ゑゐりあん/氷原 > うん。そうだね(彼女の後をついてゆき、一緒に果物を冷やかすことにしようか。…みかんを魔術で冷やして食べるとおいしいかもしれない)みかんは小さい頃によく食べたからね。うちの地元は寒い場所だったからみかんが良く採れてね。それで好物になったってのもあるけど、それ以上に懐かしいんだ(いわゆる故郷の味。故郷の名産品はまた別にあるが、それでも懐かしいことに変わりはない。風邪で寝込んでいた時のこと、両親や兄弟が料理と一緒にみかんを運んできてくれて一緒に食べていた。一緒に食卓でご飯を食べれない氷原にとっては、そういった時間が数少ない家族団らんだったのだ。そんなことを思い出しつつ彼女の後をついてゆくと、とある露店の前に止まり店主にさくらんぼを一袋注文した。きれいな赤いさくらんぼ。さくらんぼも大好きだ。金を払い、袋と釣銭を受け取った篠は氷原に袋を渡してきた)食べていいの?(だが、断る意味もないしなんなら今食べたい気分だったのだ)   (3/22 21:44:05)
ゑゐりあん/氷原 > …じゃぁ遠慮なく(そういって袋からさくらんぼを一つ手に取り口に運ぶ)…ん、甘い(甘さの中に仄かな酸味を孕むさくらんぼ。ただただ甘いだけでは感じられない味の深みが、酸味があることでよくわかる。そうしてさくらんぼの果実を食べ、持参したちり紙に種を吐く。そしてちり紙を丸め再び懐に戻して笑顔を浮かべる)ありがとう、とてもおいしいよ。篠さんも食べてよ。篠さんが買ったんだから篠さんが食べなきゃ(今度は氷原が篠に袋を渡す)   (3/22 21:44:07)

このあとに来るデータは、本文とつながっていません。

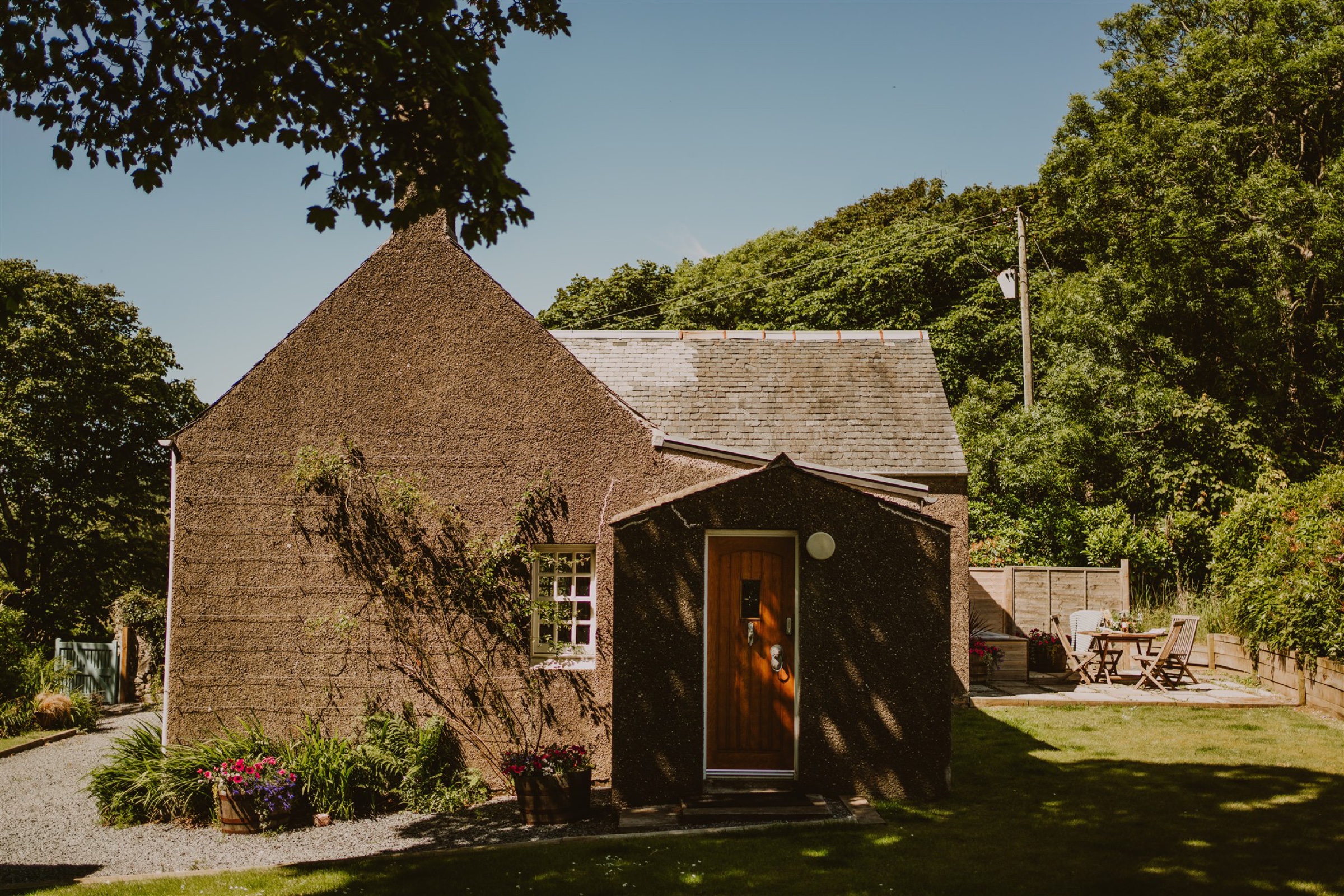 Rose Blair Lodge in the sun, a gabled cottage with a wooden door in a porch, trees behind and a table on the terrace.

マリア/篠 > (さくらんぼを食べ、お礼を言う氷原少尉は舞台役者顔負けの端麗な容姿に似つかわしくない、なんと気取らない人であろうか。勧められるままに篠もさくらんぼを口にする。ぎゅっと甘さの詰まった瑞々しい味が春らしくて、やはりその美味しさを分かち合いたいと思う人の顔を思い浮かべるのだった。)「うんめかですねぇ。……あ、種飲んでしもた!あははは……」(気取らぬ氷原少尉と、飾り気のない篠の間には平和そのものといった空気が流れる。ここのさくらんぼは当たりだったから、みかんもきっと美味しいだろう。そのまま座り込んで隣の箱にあるみかんを物色しながら、選び方を少し指南して差し上げることにした。)「みかんはですね、手に持った時にずっしりと重う、きめの細けもんを選ぶと良かですよ。そいからヘタが大きかもんよりは小せもんの方がよかごたです。……良いみかんじゃ。ここのにしもそんか、私も誌洲先生に買うて行っじゃ。」   (3/22 23:47:46)

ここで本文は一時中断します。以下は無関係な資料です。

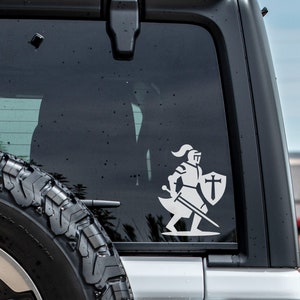 Op de afbeelding: Witte vinyl sticker van een ridder in harnas met een zwaard en schild met een kruis erop. De sticker zit op de achterruit van een witte auto.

マリア/篠 > (今日のことを取り計らってくれたのだし、土産くらいおかしくはないだろう。そう決めるとまた竹籠から財布を取り出し、金を払った。誌洲先生といえば、氷原少尉は何と言われて此処にきたのだろうという事が気になってきた。よくわからないとは言っていたけど、そんなことってあるんだろうか……。)「あの……そういえば少尉は……先生に何と言われていらしたとですか?言われるがままっちゆても……何も聞かずに篠と会うてこいとか言われたとですか?」   (3/22 23:47:51)

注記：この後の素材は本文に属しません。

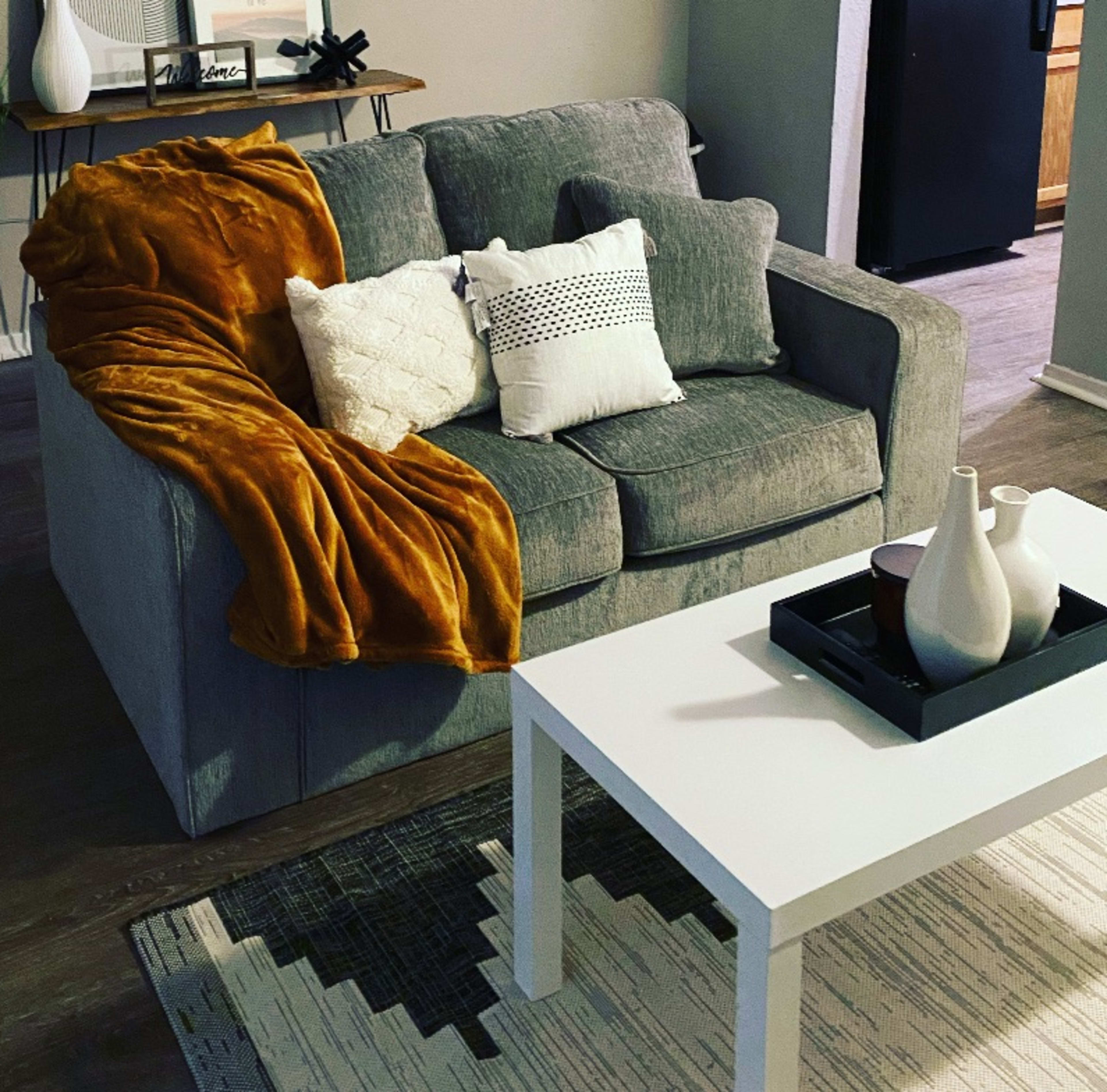 A gray couch with a mustard-colored throw blanket and several decorative pillows is positioned beside a white coffee table on a patterned rug in a living room.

ゑゐりあん/氷原 > 飲み込んだって…。…臍から芽が出るかもね(種を飲み込んだという篠の豪快っぷりに驚きつつ、子供の頃には1度は誰でも怯えたであろう冗談を言う氷原。彼が冗談を言うのはリラックスしている証拠である。すると篠がみかんの見分け方を教えてくれた)なるほど…そんな見分け方はあるんだ…。凄いや。じゃぁ折角だし俺も買おっかな。先生の分と俺の分(そう言って取り出したこれまた妙に高そうな財布。育ちの良さを感じさせる財布だった。その財布から取り出した金を店主に渡し、みかんを受け取る。すると篠が誌洲が何を言っていたのか、と尋ねてきた)え?先生が?えっと…確か先生が俺を好きって言って、で諦めさせてくれって言い出して…。で、篠さんと2人で出かけて……。…あぁあと性交渉って言ってたな(あの時の記憶は、突然の誌洲の爆弾発言でほぼ上塗りされてしまっているため、中々思い出せない。しかし思い出した記憶を更に掻い摘んだ結果がこれなのだから救われない)   (3/23 00:11:55)


マリア/篠 > (とんでもない事を、この少尉は顔色も変えずに言ってのけた。立ち上がっていた篠は口を真一文字にして目を見開き、胸元にかかえていたみかんの袋を取り落とす。どさどさどさと音がして、みかんは辺りを転がっていった。)「……えっ、あぁ…そ、そそ…そうなんじゃあ……」(必要以上に驚いてしまい、失礼だっただろうか。なんでもないように取り繕おうとした口調も端からほつれるように吃って戸惑いを顕にした。男同士であるからととやかく言う権利もつもりもないが、何も思わないと言えば嘘になる。それは決して、男女で恋愛をすべきなどという先入観やら少数派排除の思想やらではない事は断っておきたいものの、立派な家柄のご子息に産まれたらしい氷原が世間の風当たりやらを受けないはずもなければ、あの隙のない誌洲がそれらを承知した上で情熱的にも愛の告白をしたようだという事実に驚かぬ鉄の心臓は持ち合わせていない。)「そう……ですかぁ……。」(今なら臍から芽が出ても驚かないかもしれない。いや、それはない。驚く。篠はなんとも言えない心のざわめきを自分で落ち着かせながら、腰をかがめてみかんを一つ拾い上げた。)   (3/23 00:48:40)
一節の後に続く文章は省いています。